Geoff Mulgan - 26.09.2012
I spent a few days in Korea and China last week, both countries with a distinct spring in their step compared to north America and Europe.
The main focus for the trip was the two day annual OECD conference on science and technology - the Global Forum on the Knowledge Economy. This is where the OECD launch their fascinating science and tech country reports, in-depth and richly analytical assessments of the state of innovation policy across the world. Their data on knowledge-based capital confirms the growing importance of intangibles, and that in the UK intangible investment is larger than tangible investment. This makes it all the more remarkable that it remains almost wholly absent from economic commentary - despite Nesta's best efforts.

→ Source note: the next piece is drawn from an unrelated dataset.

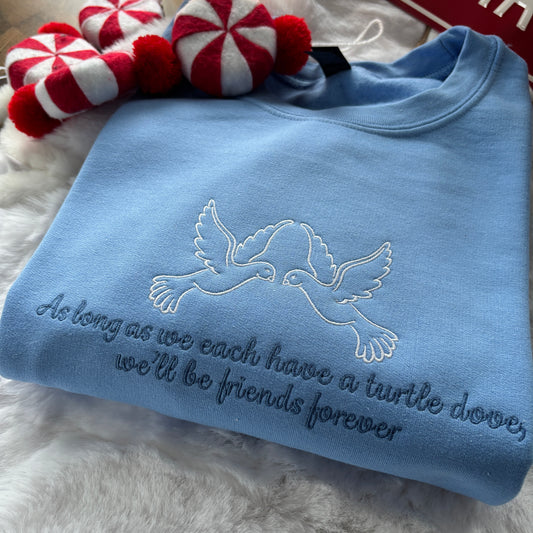 TWO TURTLE DOVES HOME ALONE EMBROIDERED SWEATSHIRT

There was also plenty of discussion of industrial policy and renewed activism by governments around the world, and interesting shifts in opinion amongst the experts, including a good deal more scepticism about R&D tax credits (which are increasingly seen to favour particular sectors, rather than innovation, and which appear to be being used for tax manipulation by larger multinationals).
Korea continues to impress as it grows through the economic slowdown. Alongside China it is the only major economy sustaining business investment in R&D; and demonstrates a rare industrial policy confidence, despite Samsung's court defeat by Apple (which most of the science and tech experts saw as a pretty bad decision that calls IP law into question).

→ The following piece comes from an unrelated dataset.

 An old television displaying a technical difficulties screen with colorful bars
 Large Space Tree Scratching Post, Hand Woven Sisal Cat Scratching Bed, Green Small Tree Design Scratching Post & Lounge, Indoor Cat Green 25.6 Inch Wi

The big concern in Korea is the excessive power of big business chaebols relative to SMEs; and economic inequality. My talk at the OECD was on jobs. Here is a summary of what I said, focusing both on where future jobs will come from and on the case for innovation in jobs.
I also took part in the Korea Capital Markets Institute conference in Seoul, exploring the future of capitalism and new types of capital markets, including interesting speeches by Harvard's George Serafeim, Jed Emerson (the pioneer of blended value), and Jitinder Kohli, formerly a co-author of mine when at the Center for American Progress and now at Deloitte.
Serafeim showed that greater attention to environmental, social and government reporting correlates with superior corporate performance. He also presented a remarkable slide showing that the world's top 1000 firms' share of OECD GDP has risen from 30-70 per cent since 1970.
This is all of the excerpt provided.